誤発送
今まで見たことも聞いたこともないメーカーのゲームソフトが机の上に鎮座している。
もちろん、こんなギャルゲーまがいのものをソフト(箱)で買うわけがない。
家族に見られるというリスクを冒すぐらいなら、ダウンロード販売で購入するに決まっている。

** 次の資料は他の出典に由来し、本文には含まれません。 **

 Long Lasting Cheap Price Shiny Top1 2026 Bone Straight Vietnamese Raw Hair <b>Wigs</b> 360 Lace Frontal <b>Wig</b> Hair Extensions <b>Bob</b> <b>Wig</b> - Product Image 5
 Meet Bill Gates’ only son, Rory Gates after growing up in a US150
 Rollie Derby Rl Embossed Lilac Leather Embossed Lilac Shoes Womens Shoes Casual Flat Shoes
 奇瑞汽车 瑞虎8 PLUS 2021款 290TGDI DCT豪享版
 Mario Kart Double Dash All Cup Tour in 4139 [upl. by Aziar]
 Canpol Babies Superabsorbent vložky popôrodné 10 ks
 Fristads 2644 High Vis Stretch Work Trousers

かたわらには乱暴に破られた段ボール。購入明細書に書かれたカスタマーセンターに電話したら、
「わたくしどもの間違いですので、お客様は返品をされなくても大丈夫です」
とのことである。
改めて中性的なキャラクター数人描かれているパッケージをまじまじ眺める。
タイトル名は『Miscellaneous Storys』。調べてみれば、雑多な物語だそうだ。
「まあ、何にもなくて暇だし、やってみるか」
各種レビューサイトもネタバレを避けながらチェックしたがどこも高く、5段階評価で4.8とサクラを疑いたくなるものばかり。
パソコンにインストールを始めた。
3枚組で10GB以上容量を喰うのは気に食わないが、さわりで気に入らなければアンインストールすればいいだけの話だ。
* * *
序盤を終えてなんとも言えない感情が心に渦巻いていた。
メインキャラは6人。ストーリーは14歳のキャラたちが、15歳になるまでに決めなければならないことがあり、苦悩する話だ。

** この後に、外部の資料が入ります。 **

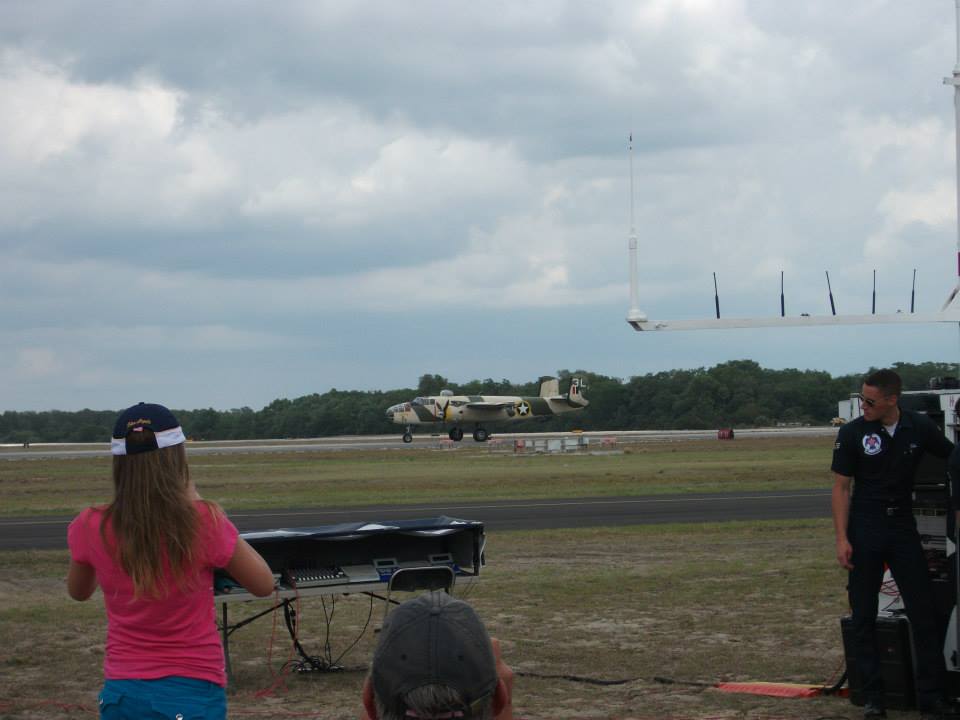Take off!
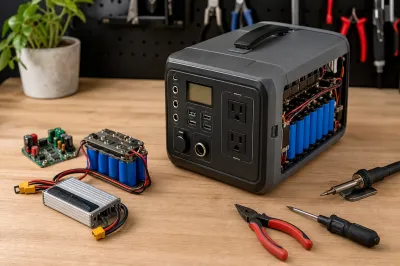 ポータブル電源を自作して500Wは実現できる？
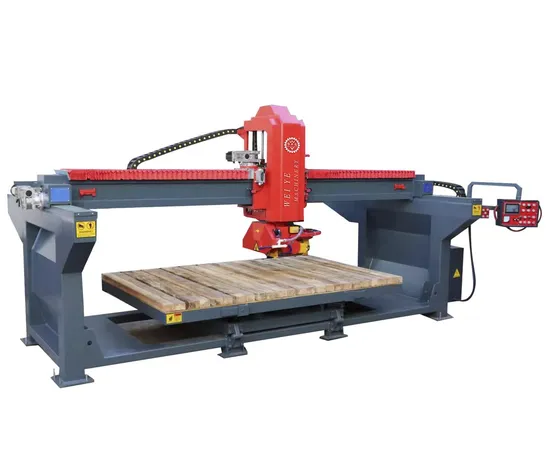 Weiye Machine Easy Fast High Speed Stone Cutting Machine for Granite or Marble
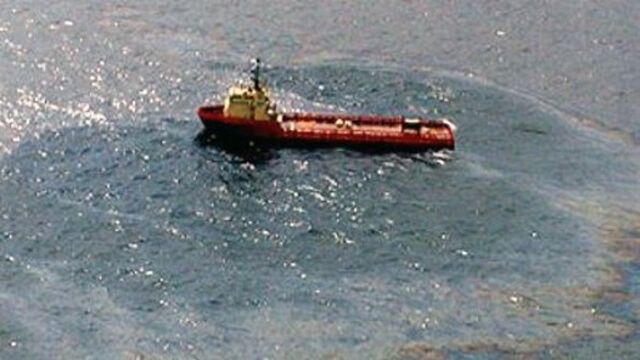 Brezilya petrol sızıntısına karşı tetikte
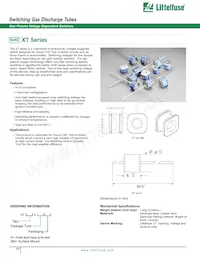 XT800SM Datenblatt Cover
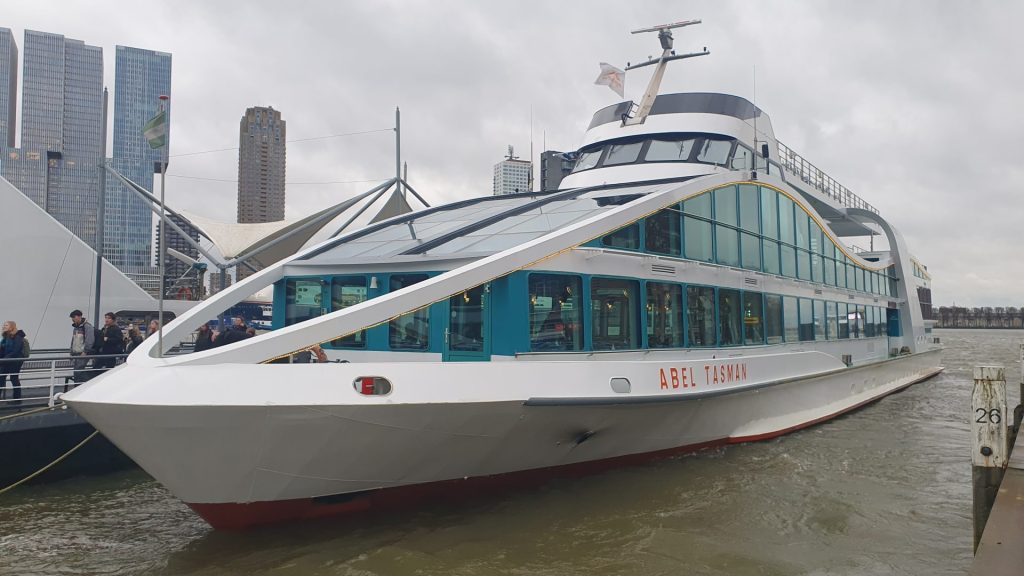 Hafenrundfahrt Landausflug Rotterdam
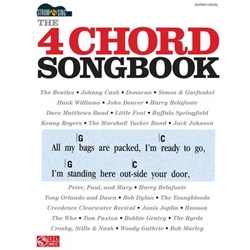 4 Chord Songbook - Easy Guitar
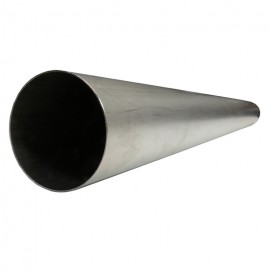 Tubo in titanio premium da 2" / 51 mm per la costruzione di sistemi di scarico, downpipe, aspirazione o di sovralimentazione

それは15歳までに自分の性別を決めなければならない、というもの。
メインキャラたちはみんな中性的な出で立ちでいる。そして、特徴的な違いがあった。みんな両性具有なのだ。
ほかのサブキャラクターたちは、中学校に入る前に決めていたり、メインキャラたちのように悩んでいたり様々だ。
主人公もまた中性的で両性具有だ。
メインキャラと同様に決めかねていてともに悩んだり、喜びあったり、悲しみあったりしている。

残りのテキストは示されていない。